Tips for Defending Against DDoS Attacks

Image via StockPhotos

Image via StockPhotos

DDoS attacks, which take over the victim network by spamming it with massive amounts of traffic, are on the rise. For schools, the attacks can shut down websites, phone systems, and prevent users from accessing the internet and its applications.

More often than not, students are causing the cybermischief because they don’t want to take online tests or don’t want their parents to access their grades online, district IT leaders say.

Schools face many types of DDoS attacks, including volumetric attacks which try to flood inbound links, and application-oriented attacks which take advantage of weaknesses in the operating system. There are also protocol or state exhaustion attacks that target firewalls, load balancers and other infrastructure.
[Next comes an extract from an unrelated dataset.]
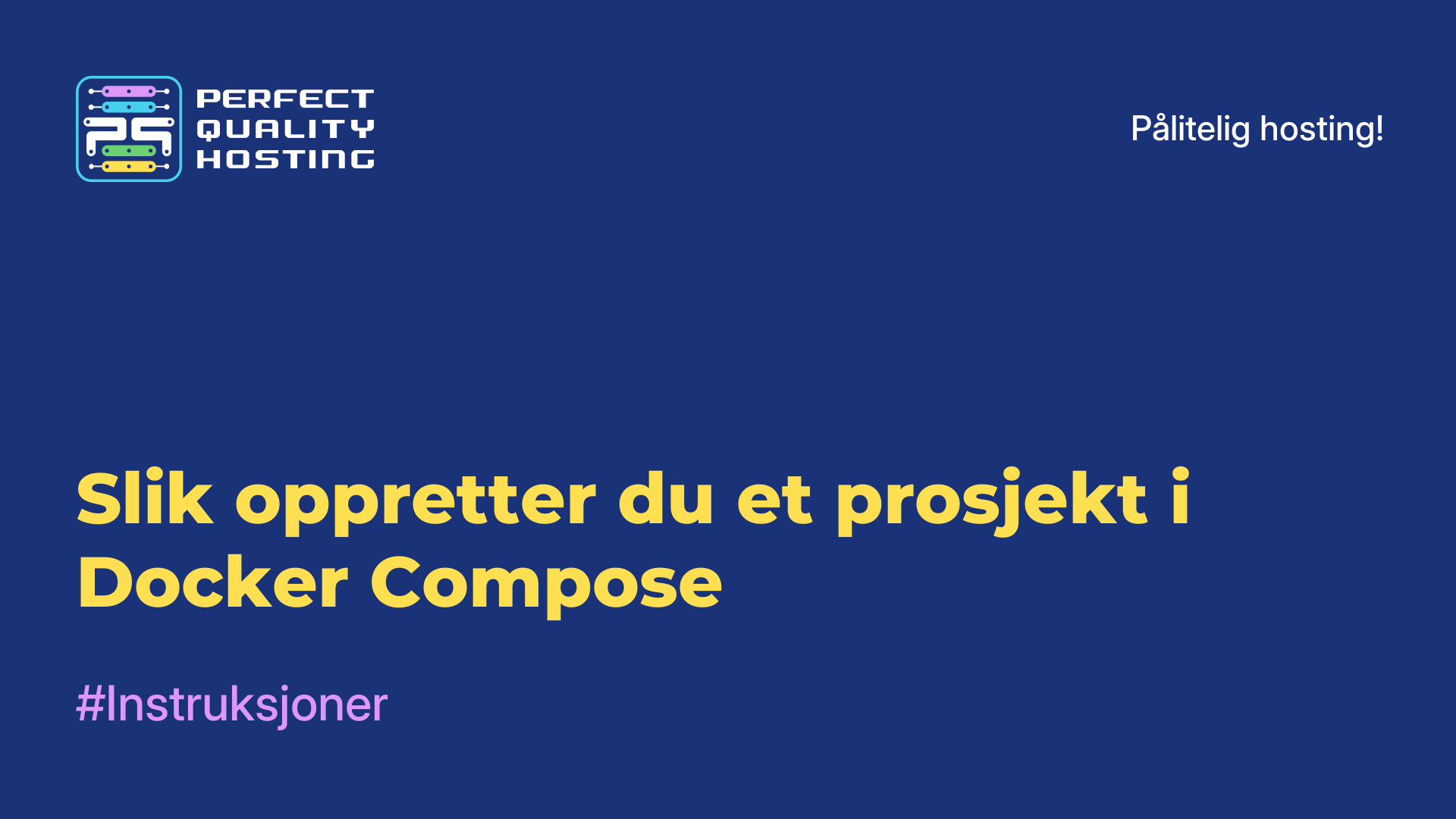 Slik oppretter du et prosjekt i Docker Compose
While school districts rely on their internet service providers (ISPs) to fight off large-scale DDoS attacks, district IT leaders use a combination of networking tools and network design to combat the attacks themselves.

Dropping Bad Traffic

Utah’s statewide education network considered several solutions to their recent DDoS attacks, but ultimately chose on-premises equipment that is installed on its own private cloud.

The technology automatically detects and blocks DDoS attacks by using a program that silently drops or “blackholes” the bad traffic.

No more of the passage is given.